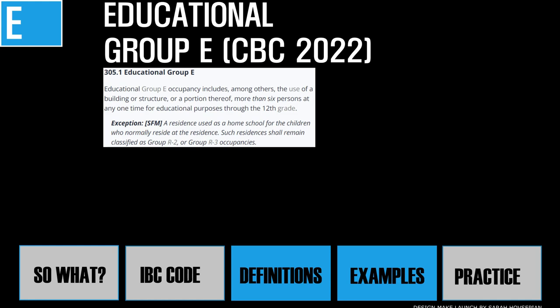Educational Group E occupancy includes the use of a building by more than six persons at any one time for educational purposes up to the 12th grade. E occupancy also includes daycare centers with five or more children over two and a half years of age. Uses with fewer than five children, such as a home daycare, are classified as R3 occupancy — a type of residential occupancy. Assembly uses at schools may also be classified as E. Religious classrooms and auditoriums accessory to churches with fewer than 100 occupants are classified as A3, not E.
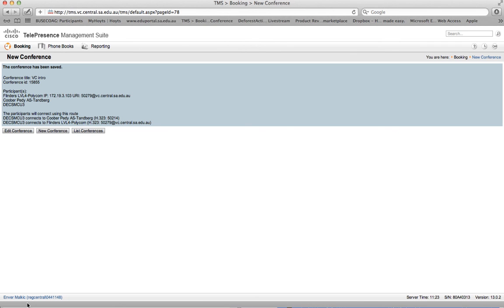For those who are ready and able to take the conference and their video conferencing unit is switched on, the video conferencing bridge will dial you automatically and all you need to do is unmute your microphone because they are all muted by default.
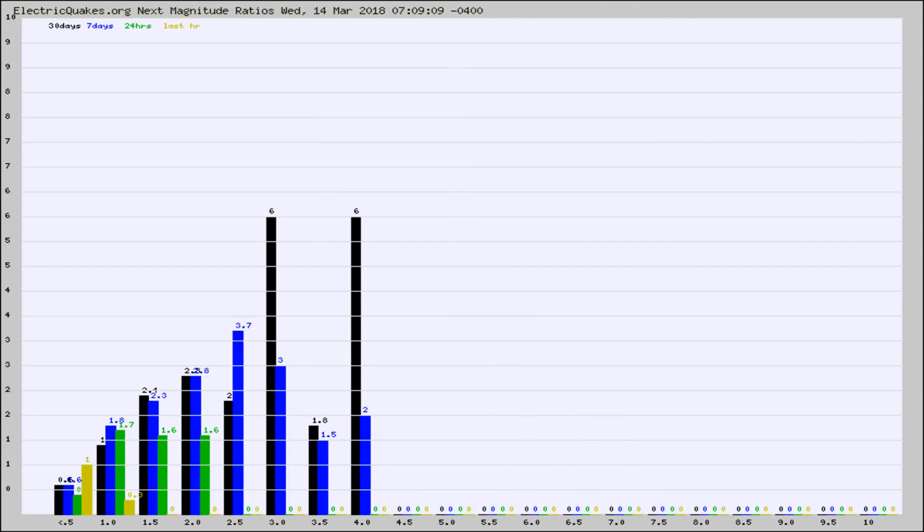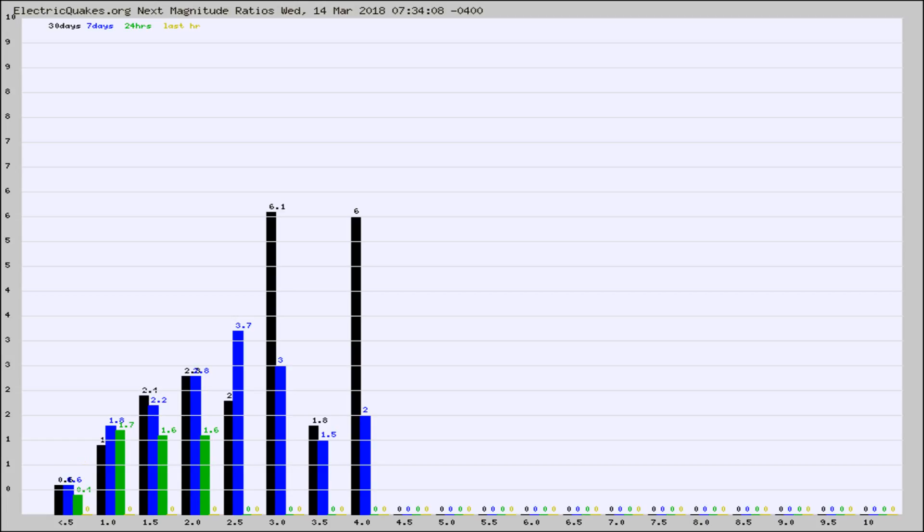And now you're seeing the same thing for just the subset area in California. Again, the black column is 30 days, blue is 7, green is 24 hours, and gold is in the last hour.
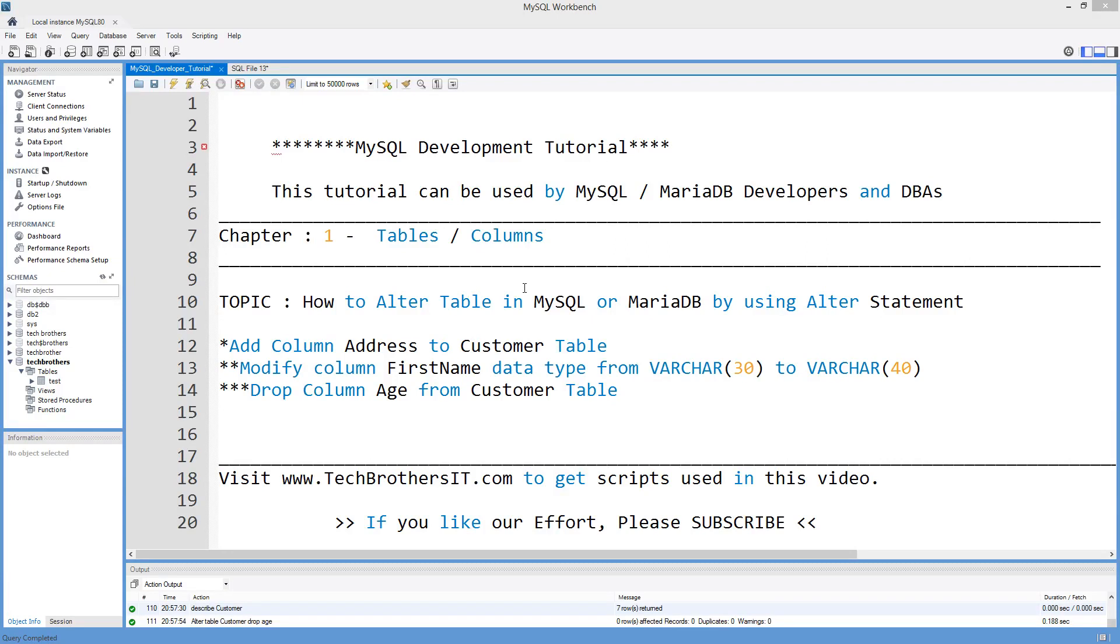Welcome to Tech Brothers with Amir. In this video we are going to learn how to alter table in MySQL or MariaDB by using ALTER statement.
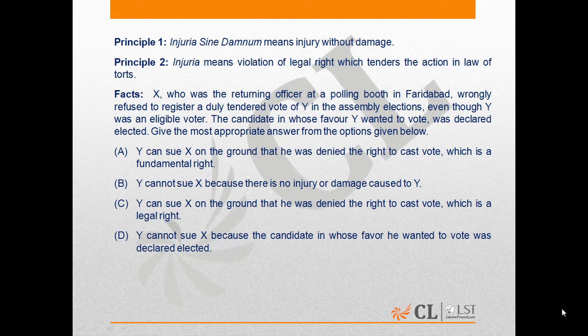As per the given facts in the present question, the right to vote is a legal right of any citizen of India. Accordingly, C is the correct answer because Y can sue X on the ground that he was denied the right to cast his vote.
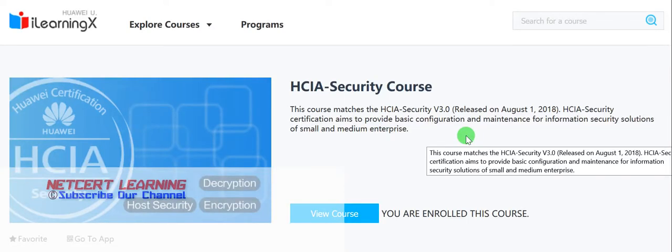Hello friends, welcome to my channel. In today's video I will tell you about the upcoming Huawei HCIA Security course. This course is available on the Huawei iLearning website and it is free for everyone — you just have to enroll.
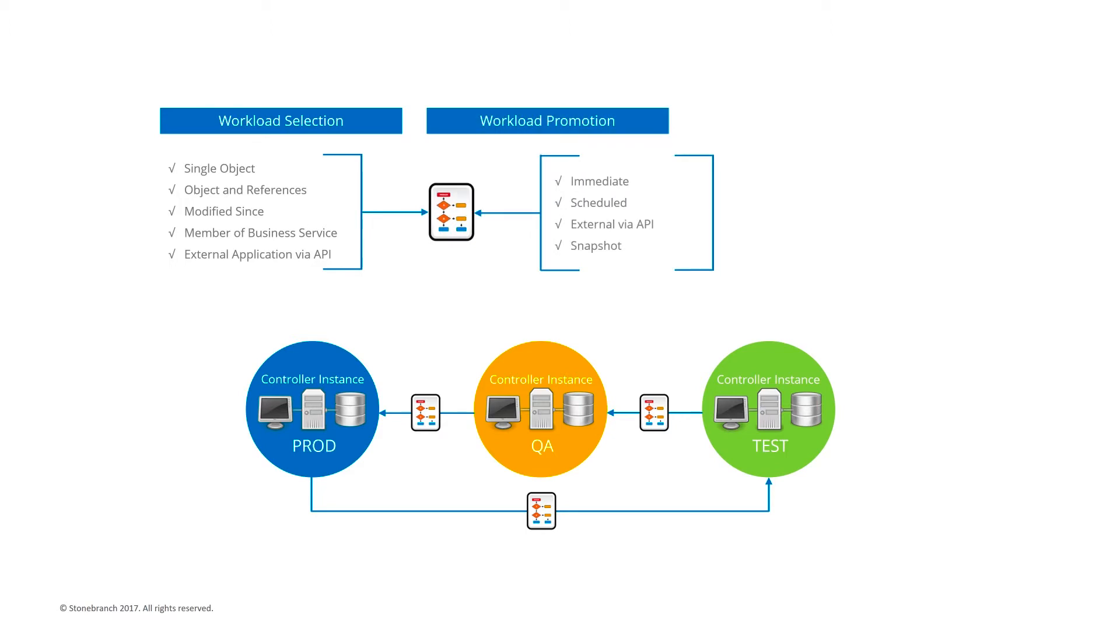Promotion of your workload automation definitions can be immediate, manually invoked, or scheduled, within the controller or externally, via the RESTful APIs. Scheduled promotions can promote a snapshot of the definitions if required.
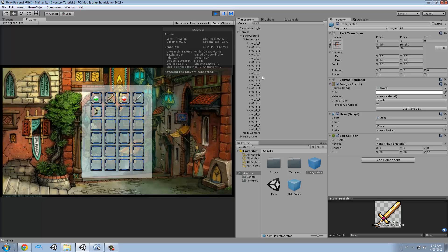In today's lesson we are going to make two buttons: one for equipment and one for usable items, and one more button for all items, so we will sort the items in our inventory by type.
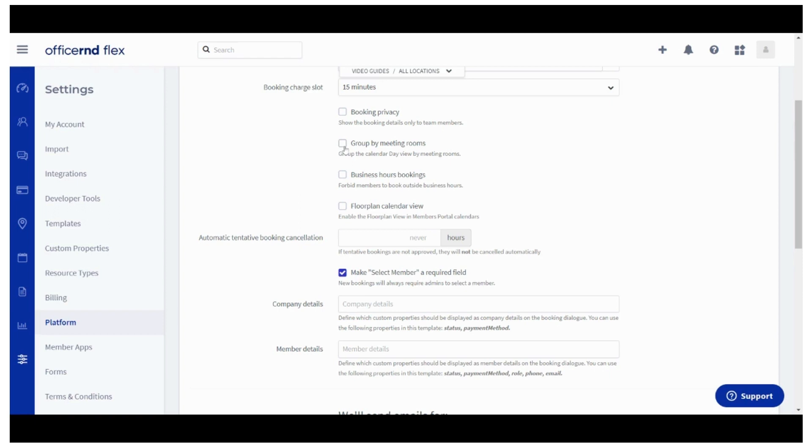As the name suggests, the next functionality would group your calendar's day view by meeting rooms. The third additional setting, called business hours bookings, will let you forbid or allow members to book meeting rooms outside of the working hours of your space.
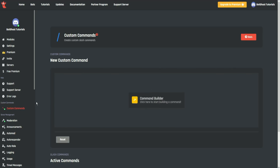Hello everybody, thank you for using BotGhost. Today we're going to be going over the user condition, which runs the code based on the user ID.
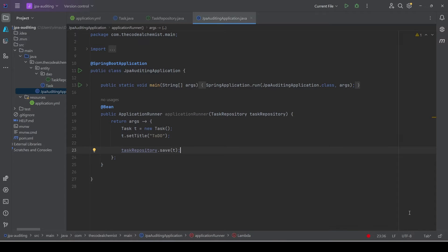Welcome back. In today's video we will learn how to implement auditing using Spring Data JPA and Hibernate. First of all, what is auditing? Auditing is the process of tracking and capturing changes — changes which are done to data over a period of time. Whatever data we have in the database changes over time during updates, deletions, and so on.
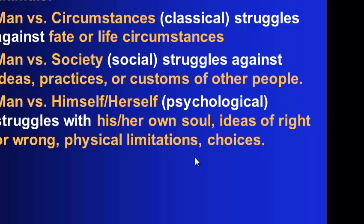And then there are four types of conflict. Man versus man. And I don't mean male versus male. I mean human versus human. So it's physical struggles, either physical strength against other men, forces of nature, or animals.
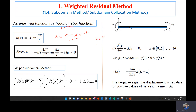For a simple simply-supported beam, the trial function u should be zero at x equals zero and u should be zero at x equals L, because the displacement y is zero at those boundaries. In other words, the trial function must also satisfy the boundary conditions of the actual solution.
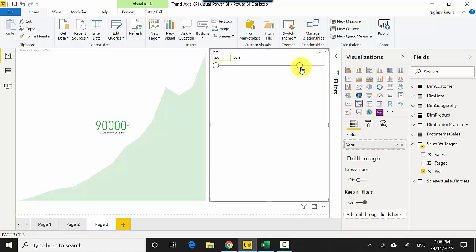So this is the KPI visual which shows us how we're trending against our goals, which is a great way to see how we're performing.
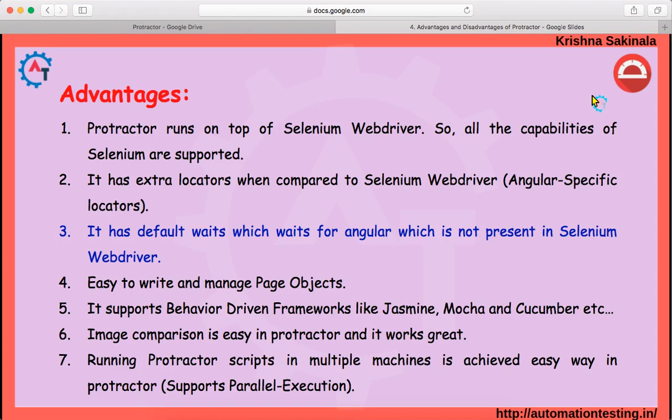The fourth advantage is that it is easy to write and manage page objects. When you want to create a framework using page objects, it is very easy with Protractor. It also supports behavior-driven frameworks like Jasmine, Mocha, and Cucumber. As part of this series we'll use Jasmine first. With a behavior-driven framework, even a non-technical person can understand what has been written to automate the application — that is one of the biggest advantages.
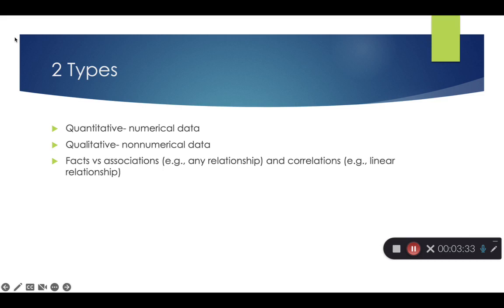So basically, the two types of research methods that we're going to use, some studies use exclusively one, some studies will do mixed methods, are going to be quantitative and qualitative.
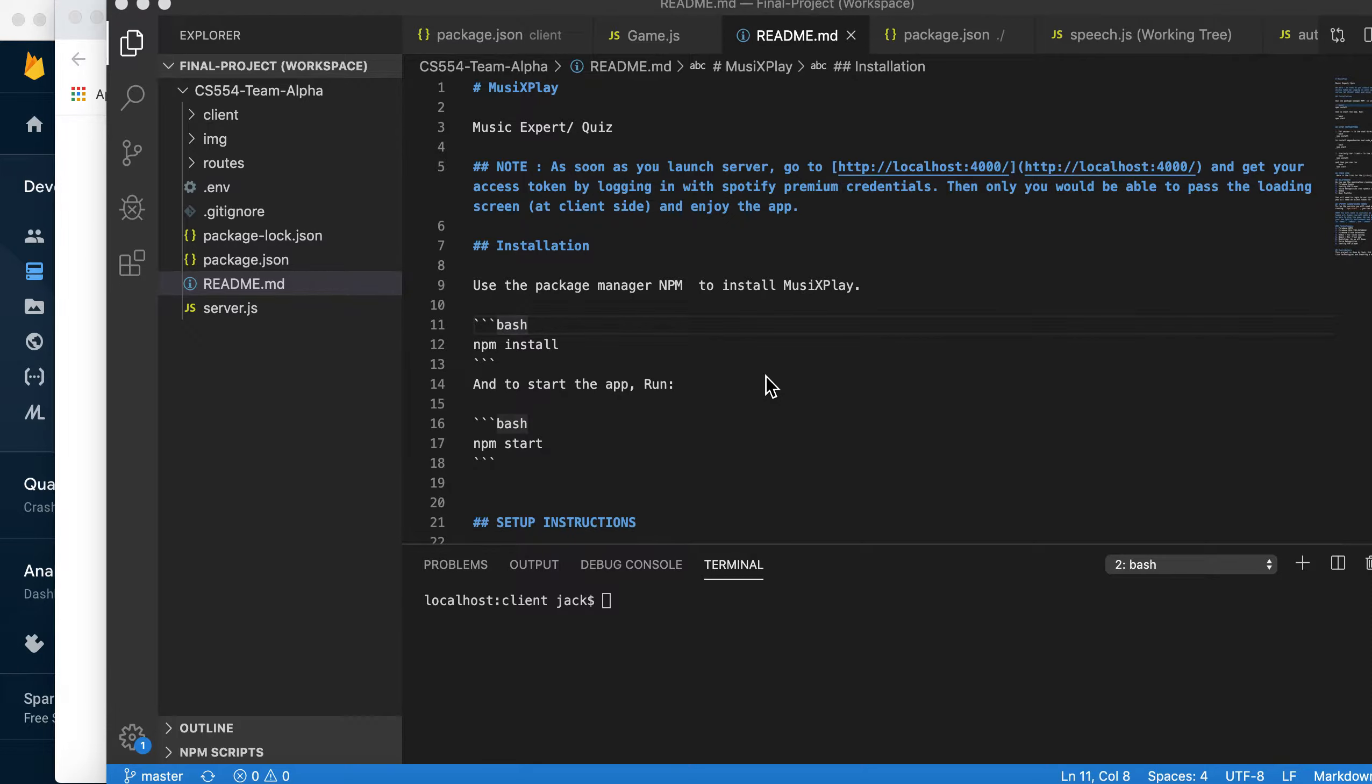Hi professor, this is Team Alpha's final project presentation.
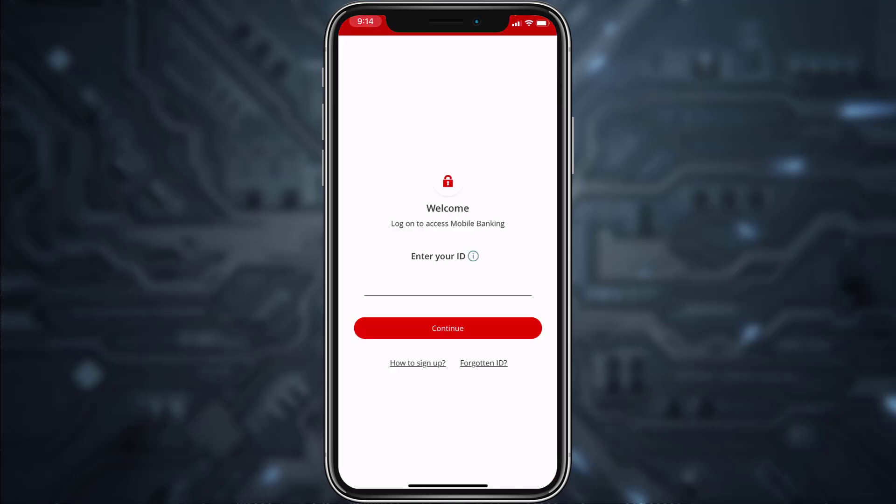In order to log in, you'll have to enter your ID, tap Continue, after that enter your password, and once you tap Continue again you'll be successfully logged in to your Santander Bank's online banking account.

+ + + + +

**EXERCISE BRIEF:** Output exactly the stretch of the listing that begins at the line containing "For a simple" and ends at the line containing "So this is the", both kept. Omit pictures and everything else.

**WRITTEN ANSWER:**
For a simple simply-supported beam, the trial function u should be zero at x equals zero and u should be zero at x equals L, because the displacement y is zero at those boundaries. In other words, the trial function must also satisfy the boundary conditions of the actual solution.
So this is the KPI visual which shows us how we're trending against our goals, which is a great way to see how we're performing.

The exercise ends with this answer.